FRANKLIN, Tenn. – One hundred thirty-eight years later, the reminders of the "Battle of Franklin" are quickly fading.
"We have 10 years left and it'll all be gone," said historian Thomas Y. Cartwright.
The battlefield is the victim of sprawl. A Pizza Hut now stands where Gen. Patrick Cleburne Fell and a Domino's marks the spot where many of his men died.
Now, the Williamson County Library is claiming the last piece of open battlefield, a decision that has critics questioning the town's commitment to what's left of its legacy.
Franklin, Tenn., is the site where soldiers clashed on a scale that even Civil War re-enactments can't fully capture. On Nov. 30, 1864, more than 10,000 Union and Confederate soldiers died or were wounded in the deadliest five hours of the Civil War.
Only 11 acres remain of the battlefield as development inches in and profit defeats pride.
"What would happen to the property if the county hadn't purchased it?" said Williamson County Executive Clint Collicot.

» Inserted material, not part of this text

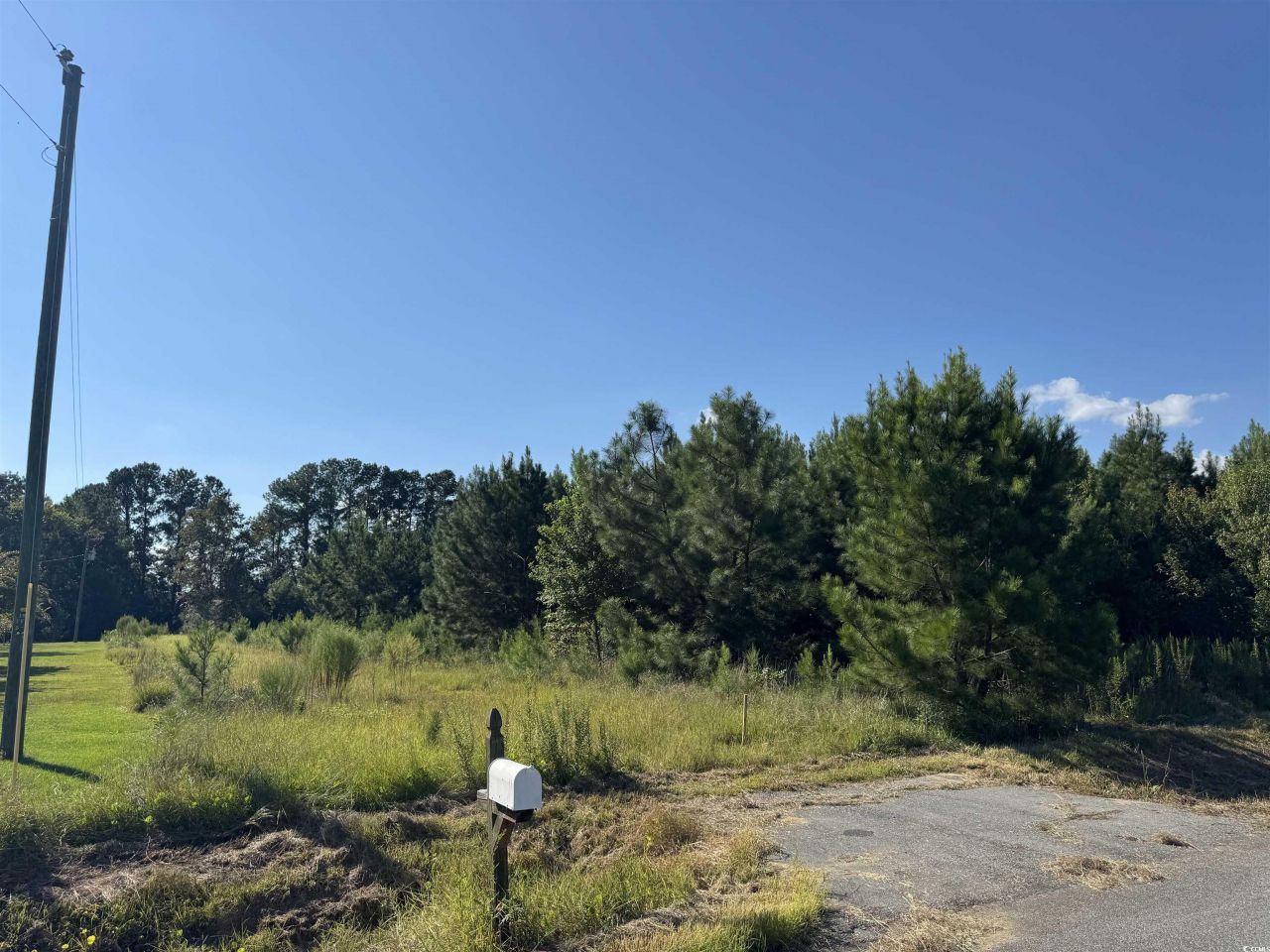 1212 Nursery Rd. Photo 13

Collicot said the county administrators were hoping to preserve their piece of history by creating a lucrative, taxable real estate base. But preservationists say the move to bring in income has taught the town a hard lesson in balancing history with economy.
"We thought we were doing something to preserve the area," Collicot said.
County commissioners say the library will at least be a learning center, and tours to the Confederate cemetery will continue.
Preservationists say that still misses the mark.
"The Civil War is a tremendous heritage tourism draw. People come from all over the country to see Civil War battlefields and they bring money," said James Lighthizer of the Civil War Preservation Trust.
But in Franklin and other Civil War towns like it, finding a pizza may soon be a lot easier than finding the past.